§ SUPPLIED DATA
=====

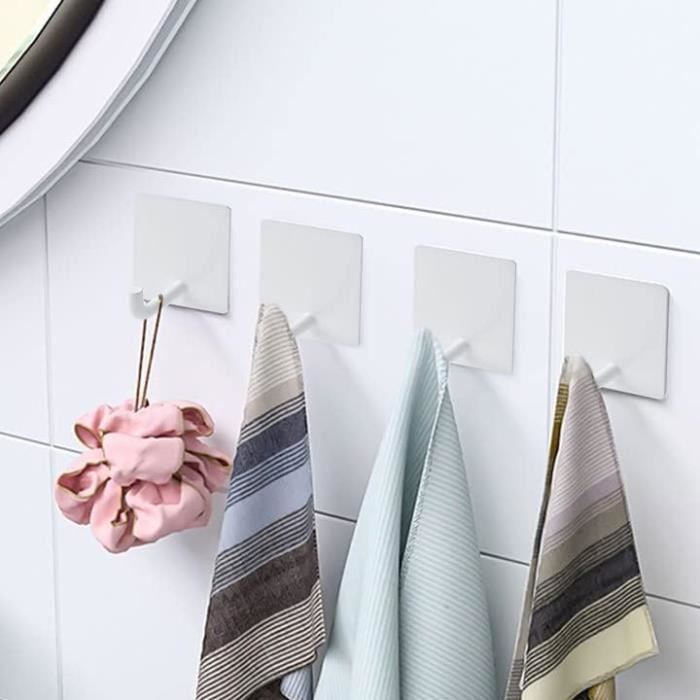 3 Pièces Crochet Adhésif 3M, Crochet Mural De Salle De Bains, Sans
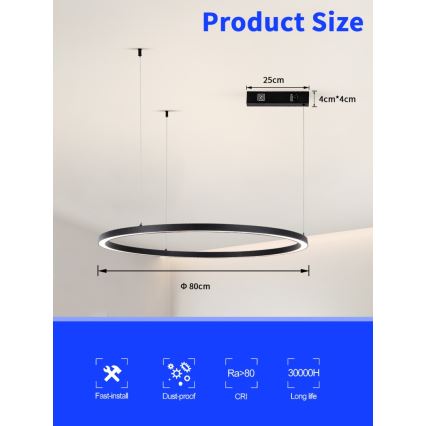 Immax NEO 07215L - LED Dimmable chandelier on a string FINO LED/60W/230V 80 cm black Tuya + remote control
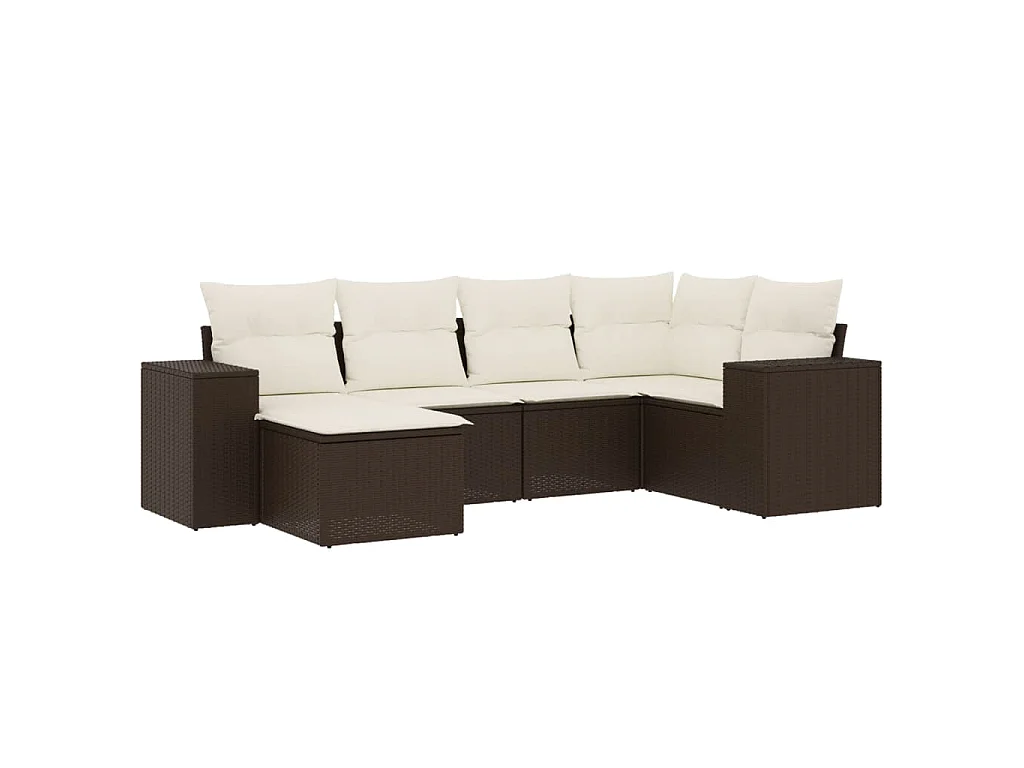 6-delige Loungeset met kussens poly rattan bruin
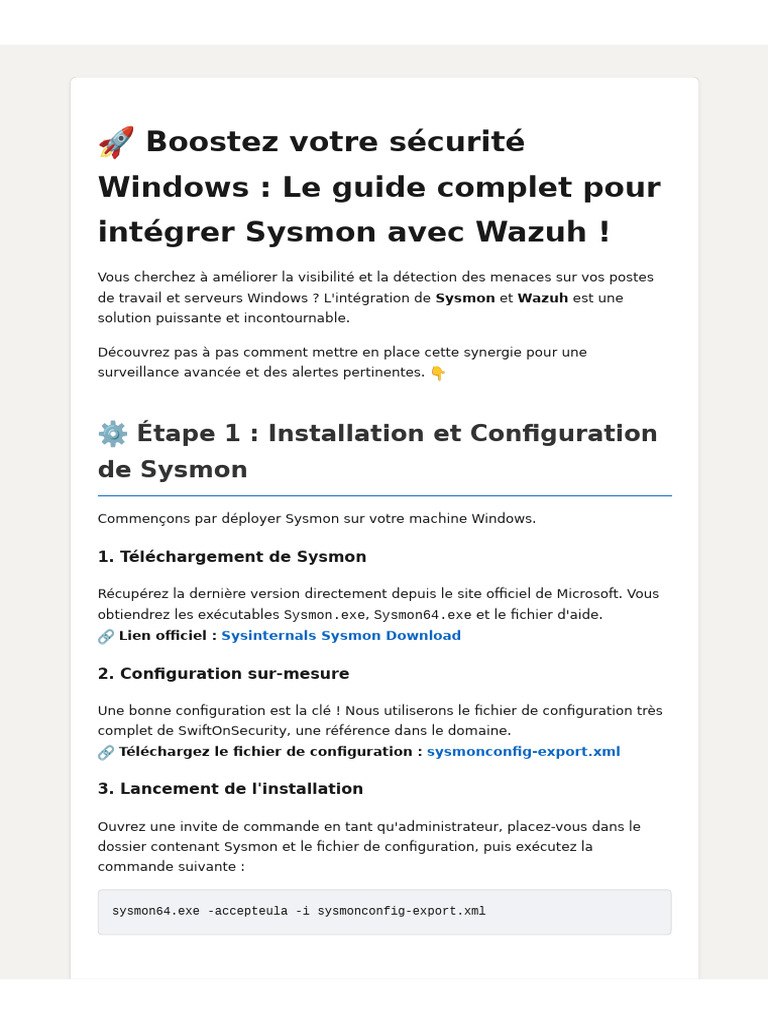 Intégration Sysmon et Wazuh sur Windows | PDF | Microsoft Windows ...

=====

§ YOUR INSTRUCTIONS
Write out, exactly as they appear, the lines from the one containing "Immax NEO 07215L" through the end of the material above, excluding pictures.

§ ANSWER
 Immax NEO 07215L - LED Dimmable chandelier on a string FINO LED/60W/230V 80 cm black Tuya + remote control
 6-delige Loungeset met kussens poly rattan bruin
 Intégration Sysmon et Wazuh sur Windows | PDF | Microsoft Windows ...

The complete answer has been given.